§ **What this task involves**: Any picture must be dropped, but each line of the data should be duplicated exactly.

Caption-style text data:
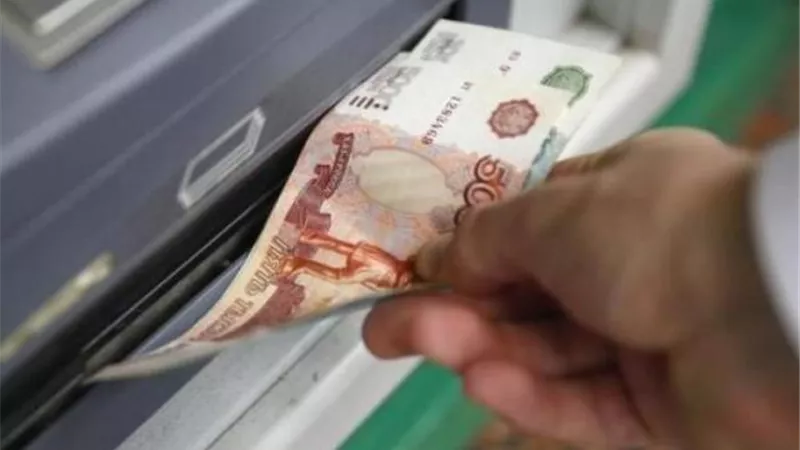 اليابان تعتزم مطالبة الشركات بالامتناع عن الدفع بالروبل في المعاملات الاقتصادية
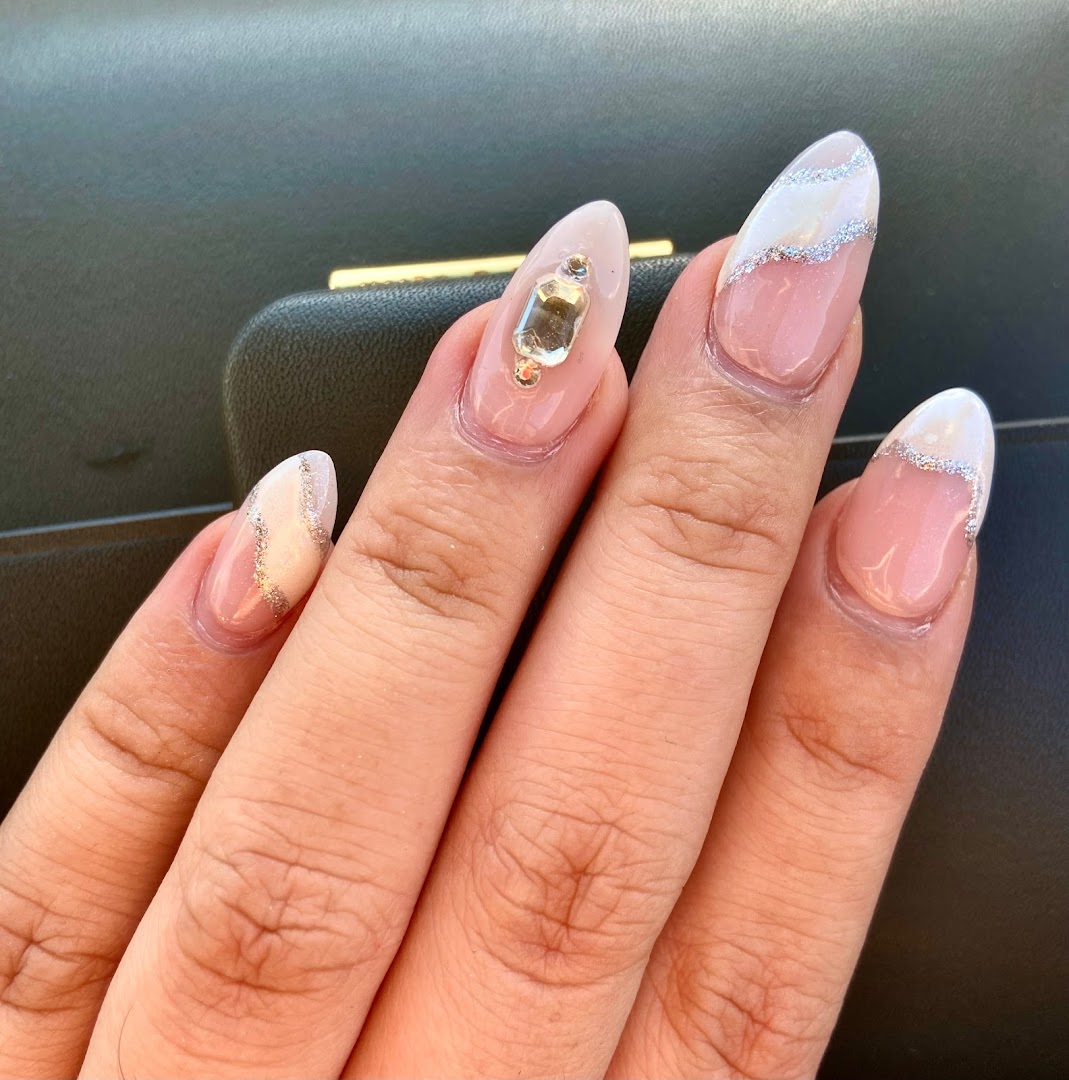 Icolor nails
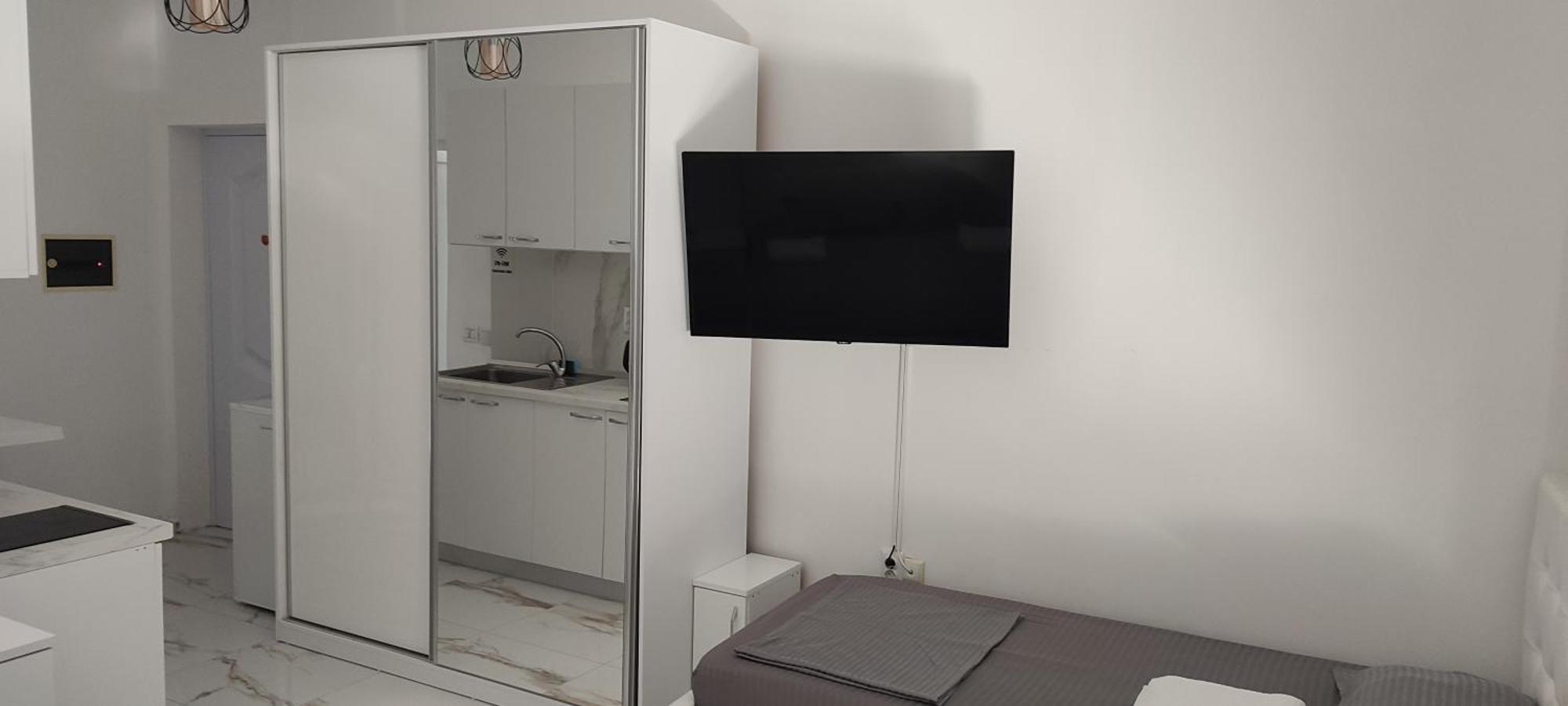 Golem Apartment Luaran gambar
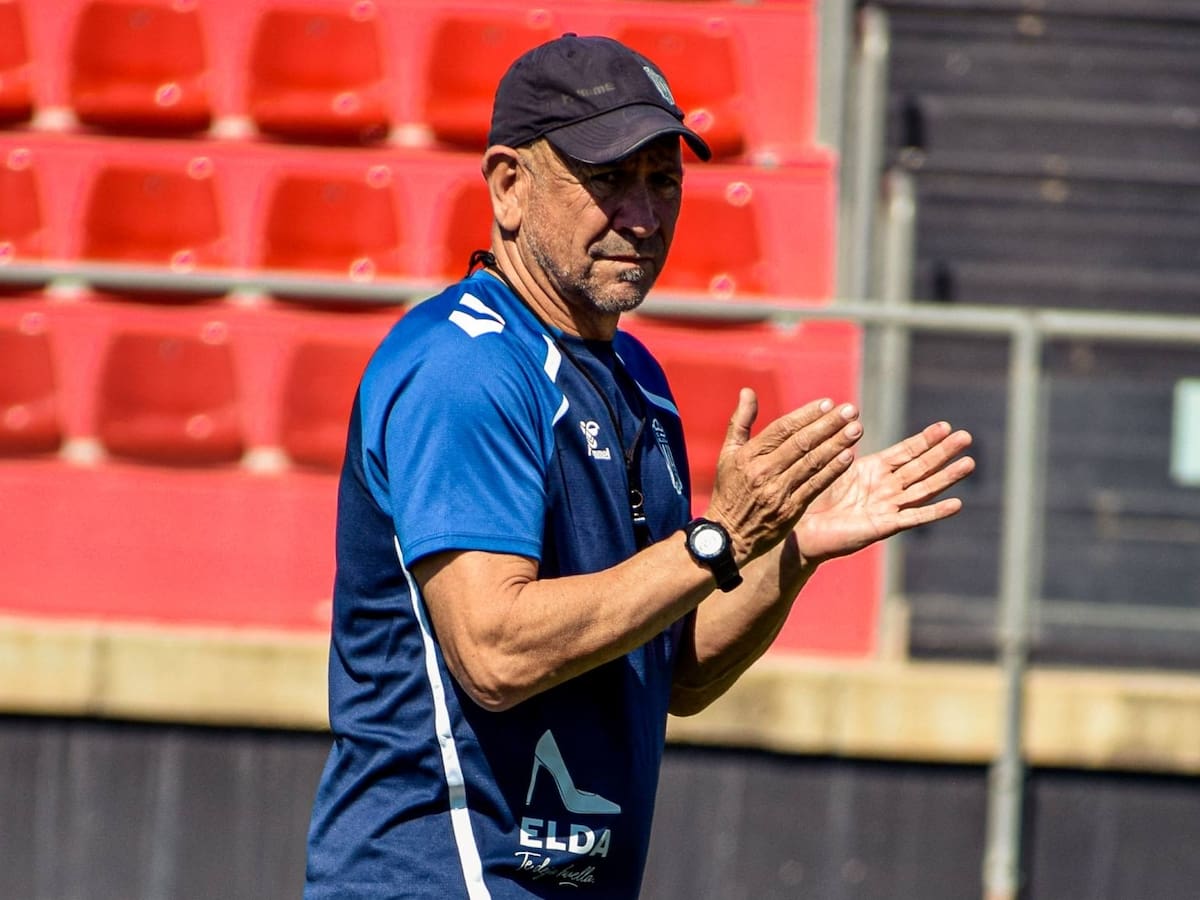 Claudio Barragán: "El Cartagena es un equipo muy sólido y difícil de meterle mano"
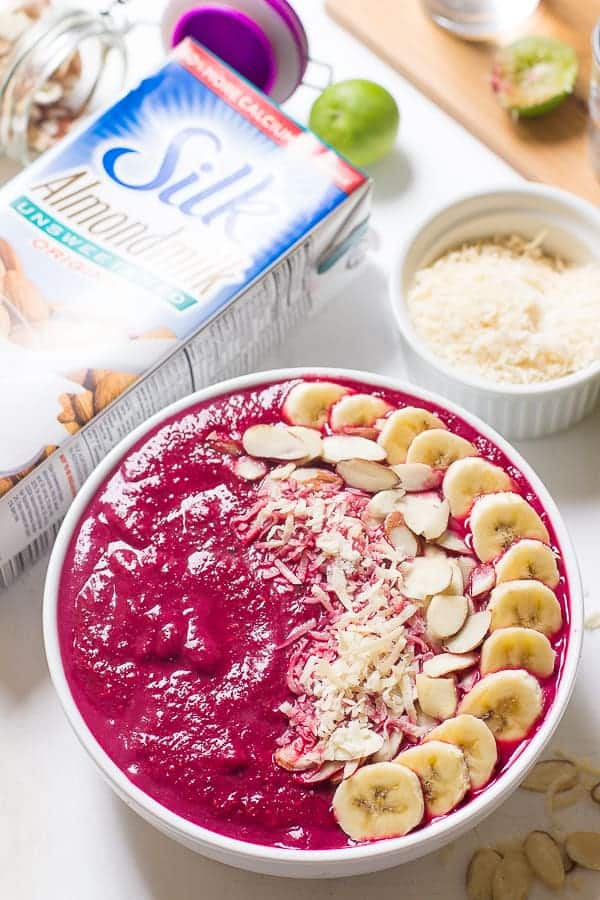 Jessica in the Kitchen Banana Berry Beet Smoothie Bowl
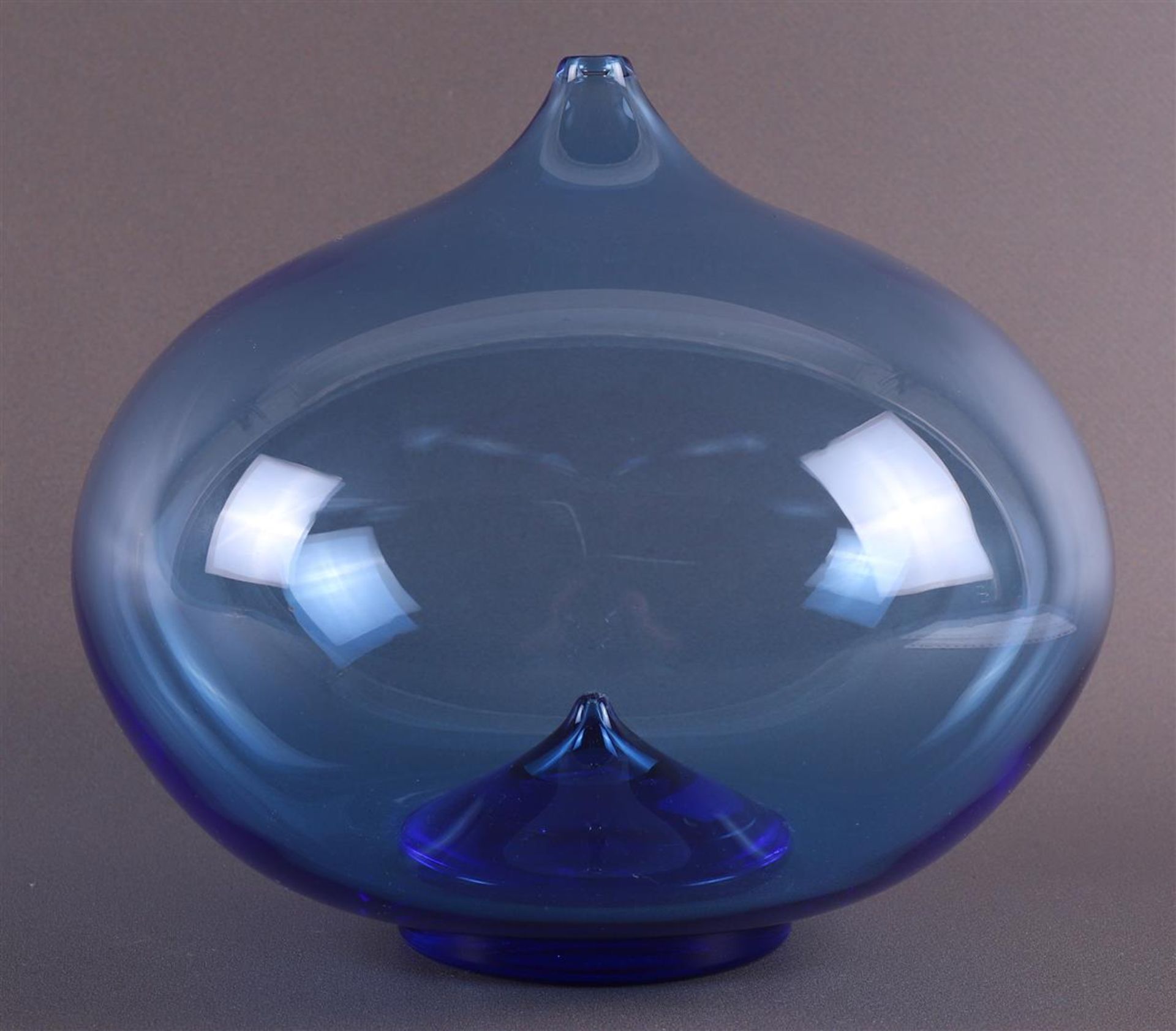 A blue glass vase, unique, Floris Meydam - Bild 2 aus 4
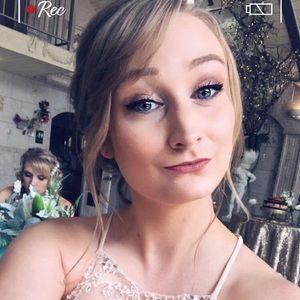 Meet your Posher, Celine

§ **Reply**:
 اليابان تعتزم مطالبة الشركات بالامتناع عن الدفع بالروبل في المعاملات الاقتصادية
 Icolor nails
 Golem Apartment Luaran gambar
 Claudio Barragán: "El Cartagena es un equipo muy sólido y difícil de meterle mano"
 Jessica in the Kitchen Banana Berry Beet Smoothie Bowl
 A blue glass vase, unique, Floris Meydam - Bild 2 aus 4
 Meet your Posher, Celine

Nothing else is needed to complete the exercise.